Munyenyezi’s husband, Arsene Shalom Ntahobali, and his mother were convicted by the International Criminal Tribunal on Rwanda (ICTR) and sentenced to life in prison in June 2011 for genocide, crimes against humanity and war crimes of violence. Both were considered high-ranking members of the Hutu militia party that orchestrated savage attacks on members of the rival Tutsis. Ntahobali also was convicted of rape. Their convictions are on appeal.
Jurors got a crash course in the genesis and history of the Rwanda genocide in opening statements and through the eyes of Dr. Rony Zachariah, who was in Rwanda with Doctors Without Borders when the slaughter began on April 6, 1994 — the day Rwanda President Juvenal Habyarimana’s plane was shot down.
Zachariah testified that as the genocide escalated, he encountered more and more crude roadblocks set up by Hutus to ferret out Tutsis — whose ethnic affiliation was listed on national identification cards — and kill them.
At one roadblock near the Burundi border, he said, 70 people rushed by, chased by machete-wielding Hutus. He said he saw an old man get chopped in the neck and fall to the ground. As the Tutsis approached the Burundi board, Zachariah said, another group of militia awaited and cut them down.
‘‘Out of 70, maybe six to 10 managed to cross the border,’’ Zachariah. ‘‘The others were killed and thrown in the river.’’
‘‘When I look back, it was hell on earth,’’ the doctor testified.
When the genocide began, Munyenyezi was nursing an infant daughter and was pregnant with twins.

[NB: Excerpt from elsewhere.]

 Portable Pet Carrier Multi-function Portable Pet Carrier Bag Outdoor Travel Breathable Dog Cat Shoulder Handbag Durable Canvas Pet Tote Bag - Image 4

She lived in a Butare hotel owned by her husband’s family.
Prosecutors say there was a roadblock in front of the hotel — a checkpoint where Hutu militia and civilians alike would check the identity cards of all who passed through. Tutsis were slaughtered, often hacked to death by machetes and crude garden tools. Tutsi women were raped. Prosecutors say Munyenyezi manned this checkpoint at times, deciding who would live and die.

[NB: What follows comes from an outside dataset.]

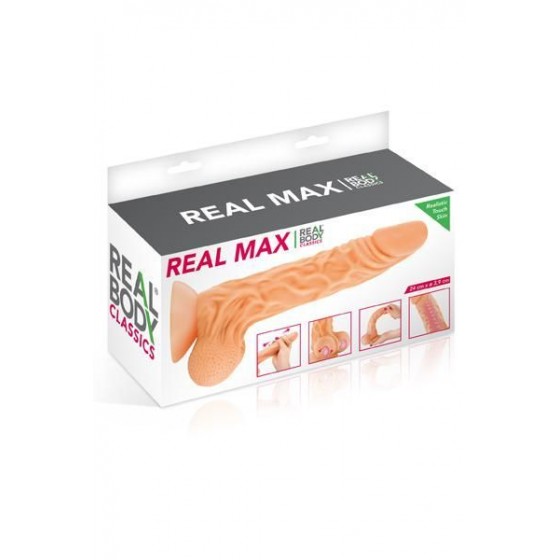 Фалоімітатор з рухомою крайньою плоттю Real Body - Real Max (d 4,3см)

Munyenyezi traveled to Tanzania and testified on her husband’s behalf before the ICTR around 2004 and again in 2008. Chakravarty says she denied seeing bodies and lied when she said there was no roadblock in front of the hotel. He said Department of Defense satellite photos clearly show the checkpoint.
Zachariah said he didn’t witness any killings at the roadblock outside the Butare hotel and doesn’t recall seeing a woman staffing the roadblock.
Both Ruoff and Chakravarty attacked each other’s cases in their opening remarks.
Ruoff said the government’s Rwandan witnesses are not to be believed and face criminal prosecution in Rwanda if they don’t implicate her.
‘‘You don’t have to take these witnesses at their word,’’ Ruoff said. ‘‘Given where they’re coming from and what they’re going back to, you shouldn't.’’
Chakravarty told jurors that Munyenyezi’s lawyers ‘‘will try to confuse you, distract you, with this idea that you can’t believe anyone from Rwanda.’’
Munyenyezi’s first trial ended in a mistrial last March, after the jury deadlocked. Munyenyezi did not testify at that trial.
Testimony resumes Thursday. A witness who identified Munyenyezi’s husband as a high school friend and said he twice saw Munyenyezi wearing the uniform of the MRND Hutu militia party is scheduled to take the stand.